Haas failed to reach Q3 with either driver for the first time in Azerbaijan, but late in the race Grosjean found himself duelling with Sergio Perez for what turned into a podium place — until he crashed behind the safety car. Magnussen fared no better, miring himself fin controversy to finish a penalised 13th.

Did the team bounce back in Spain? Yes and no. Both drivers qualified in the top 10, but while Magnussen finished sixth, Grosjean threw away a strong start with a stupid crash at turn three, knocking two other drivers out of the race with him and risking a far more serious accident.

The culmination of Haas’s five wildly unpredictable races is that despite having the fourth fastest car at all events bar Azerbaijan, the team sits sixth in the constructors with just 19 points, less than half the 41 points scored by fourth-placed Renault and the 40 points earnt by McLaren in fifth.

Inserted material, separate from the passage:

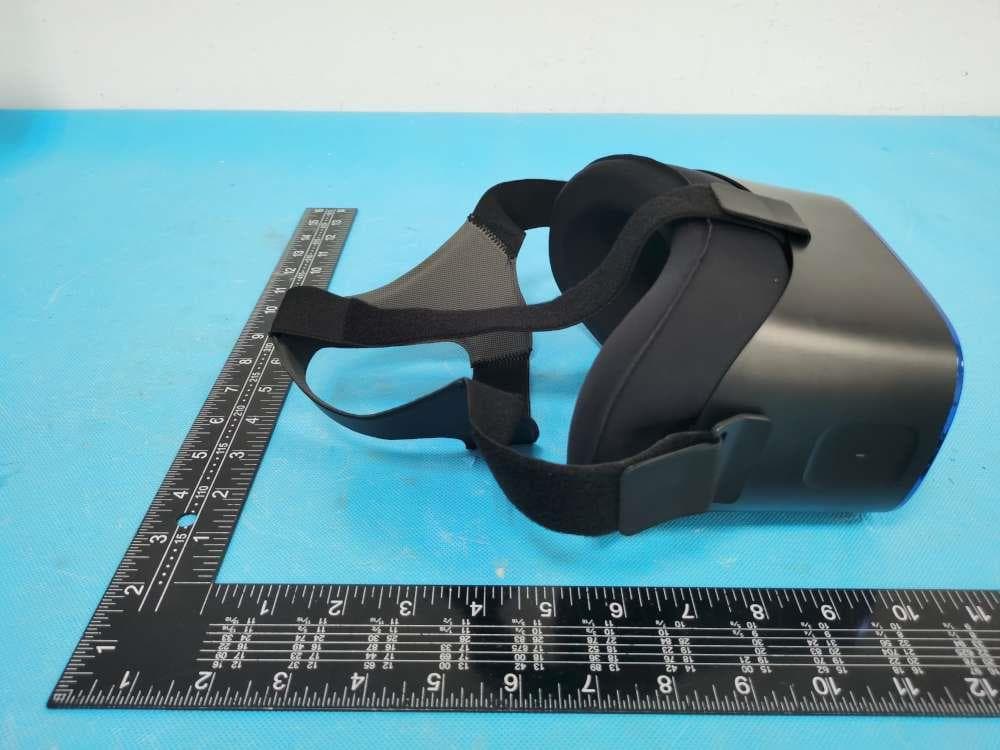 DPVR VR All-in-one Headset - FCC ID 2A7RV-DPVRULTRA - Lexiang Technology Co.,LTD (4)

Gone begging is a theoretical maximum of 41 additional points — the team lost 22 points for fourth and fifth in Australia, at least a point in Bahrain for tenth, 12 points in Azerbaijan for fourth and six points in Spain has Grosjean finished behind Magnussen in seventh.

It’s difficult to think of a team that has raced such a good car so badly.

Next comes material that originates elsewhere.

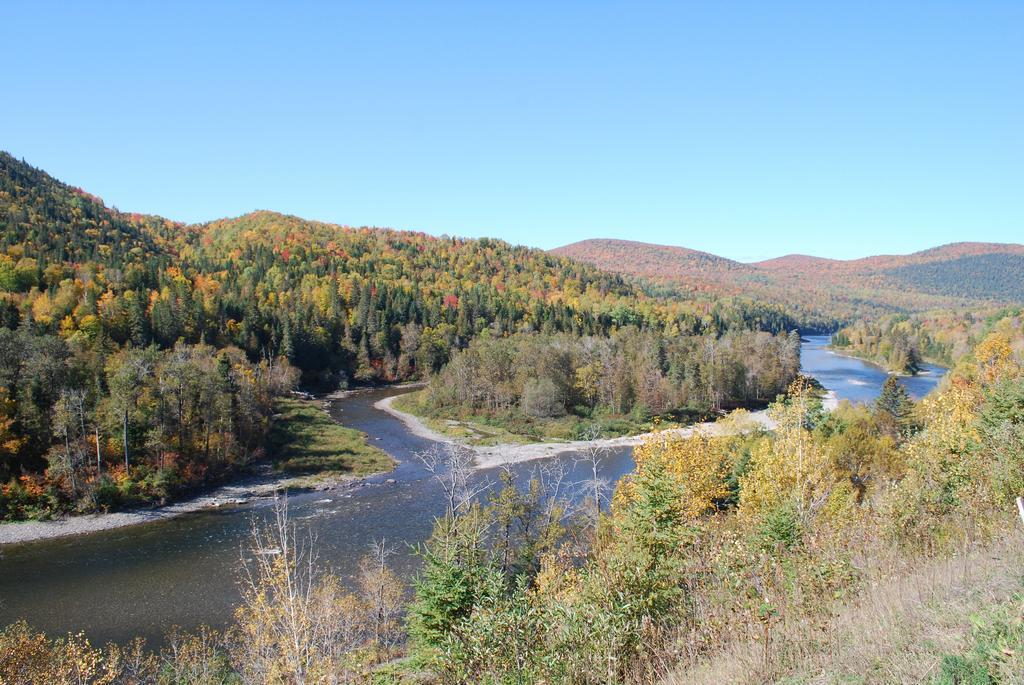 Auberge De La Riviere Matapedia - Matapedia River Lodge Routhierville المظهر الخارجي الصورة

And make no mistake that this is a team effort: while some of Haas’s highest profile dropped scores have come about through driver error, especially Romain Grosjean’s mistakes in the previous two rounds, pit stop errors and spontaneously disassembling bodywork have all played their part.

Striking was team principal Gunther Steiner’s summary after the particularly painful Azerbaijan Grand Prix, the team’s second non-scoring round of the season.

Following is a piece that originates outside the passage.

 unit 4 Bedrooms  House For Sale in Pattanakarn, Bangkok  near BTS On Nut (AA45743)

“At the moment we cannot get it together, get everything to gel,” he said. “We just need to get it all together in one race.

“We are still only in our third year and that’s just reality. We are sharp, but [we need] to tie it all together.

“That’s maybe now what we need to learn to play with the big boys.”

Haas has the car to play with the big boys of the midfield — Magnussen’s almost untouchable sixth-place finish in Spain reaffirmed its claim to the fourth-quickest machine — but it doesn’t yet have the racing nous. While its rivals lamented that it bought a great deal of design knowledge from Ferrari and Dallara, what can’t be bought is the years, even decades, of racing experience as a team.

That long-term expertise that refines processes and practices that comprise the final percentages performance is what Renault and McLaren, 37 and 52 years in F1 respectively, have over Haas. It’s the sort of thing only time can deliver.

“We just need to get, once, everything in the bag together. Then we will shine,” said Steiner.

It’s all part of the Formula One learning curve.